Kürtlerin varlığını reddettiler, çocuklarına Kürtçe isim koymalarını, Kürtçe şarkı söylemelerini yasakladılar.
Bu bir şaka değil, bu ülkede Kürtçe şarkı söylemek yasaktı.
Ahmet Kaya, “Kürtçe şarkı söyleyeceğim” dediği için genç yaşta sürgünde ölmek zorunda kaldı.
Yüzlerce milyar dolar harcandı savaşa.
Kırk binden fazla insan öldü.
Ülke kalkınamadı, gelişemedi.
Yargı, güvenilirliğini kaybetti.
Bütün bunları yaşadık burada.
Şimdi bir dönüm noktasındayız.
“Kanlı saçmalıklar” çağı kapanıyor.
Önce Kürt sorununa bir çözüm bulunacak.
İçişleri Bakanı, bir iki güne kadar “yapacakları açılımları” açıklayacağını söyledi.
Ağustosun 15’inde de Apo kendi “yol haritasını” açıklayacak.
Şikâyetler, homurdanmalar, yakınmalar olacak ama barışa doğru sağlam bir adım atılacak.
Türkiye, bu sorunu çözecek.
Bu sorunu çözmek, birçok sorunu da çözmek anlamına geliyor aslında.
Kürt sorununun çözümü, normalleşmeye doğru da atılmış çok büyük bir adım olacak.
Türbanlı kızlara yapılan eziyetler bitecek.
O ucube 12 Eylül Anayasası değişecek.
“Demagoji yarışı” sanılan siyaset, proje yarışı haline gelecek.
En önemlisi, Türkiye “dünyanın saygıdeğer ülkeleri” arasına girebilecek.
Kendimize güvenimiz arttıkça tabularımız, yalanlarımız azalacak.
Tarihle yüzleşmekten korkmayacağız.
Sadece Türkiye’nin sahibi olmakla övünmeyeceğiz, altı milyar insanın bir parçası olarak “dünyanın” da sahiplerinden biri olduğumuzu kavrayacağız.
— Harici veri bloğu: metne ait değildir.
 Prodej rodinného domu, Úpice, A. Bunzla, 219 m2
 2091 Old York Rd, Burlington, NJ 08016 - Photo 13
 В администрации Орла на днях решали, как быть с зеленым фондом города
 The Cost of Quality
Üniversitelerimizi kışla görüntüsünden çıkartacağız.
Dünyayla aynı düzeye getirmek için çaba harcayacağız.
Bu ülkede de her çocuğun bir odası olacak.
Bütün bu olumlu gelişmelerin yolunu tıkayan kaya kımıldadı çünkü.
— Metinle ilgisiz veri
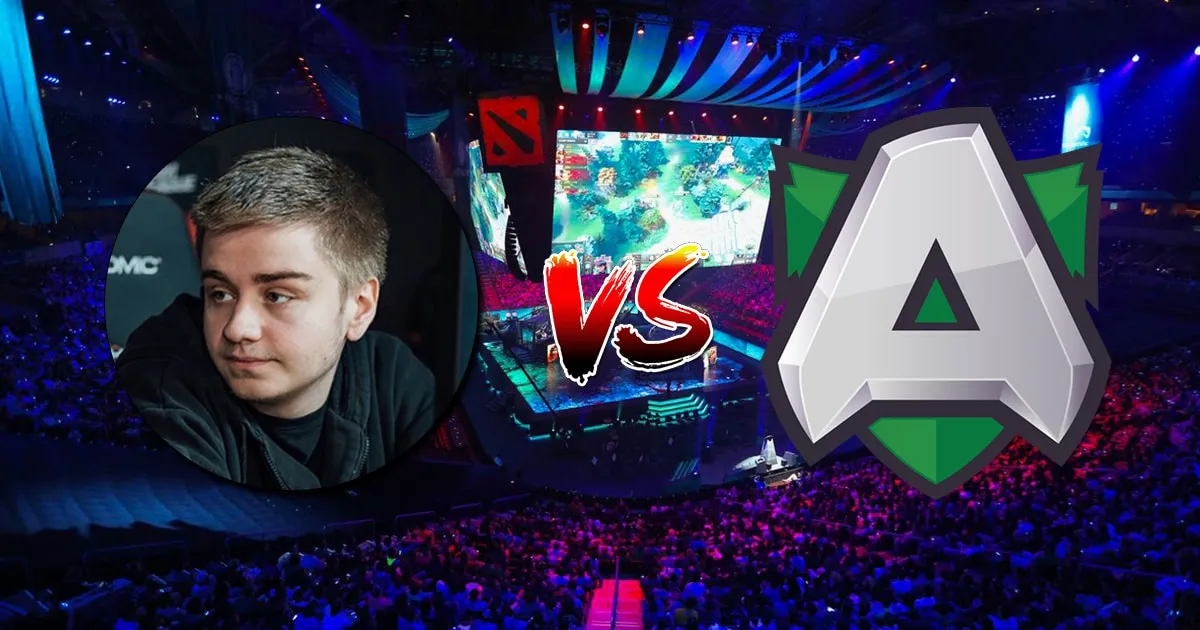 ดราม่าเดือด! Dota 2 กับประเด็นโค้ชเข้ามาแนะนำระหว่างการแข่ง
Halkın önünü kapatan “devlet” şimdi geriye, gerçek yerine doğru itiliyor toplum tarafından.
Bundan sonra “cinayet işlemeyi” düşünen her devlet görevlisi, kelepçeleri ve hapishaneyi de düşünmek zorunda kalacak.
Halkın iradesine karşı çıkmanın “tehlikeli” olduğunu bilecekler.
Bir dönemin sonuna yaklaşıyoruz.
Çocuklarımız ve gençlerimiz için çok ümitliyim.
Bizim yaşadıklarımızı onlar yaşamayacak.
Onlar “saçmalıkların” saçma olduğunu bilecek.
Buna inanıyorum ve şu yaşadığımız anlamsız hayata bir “anlam” katıyor buna inanmak.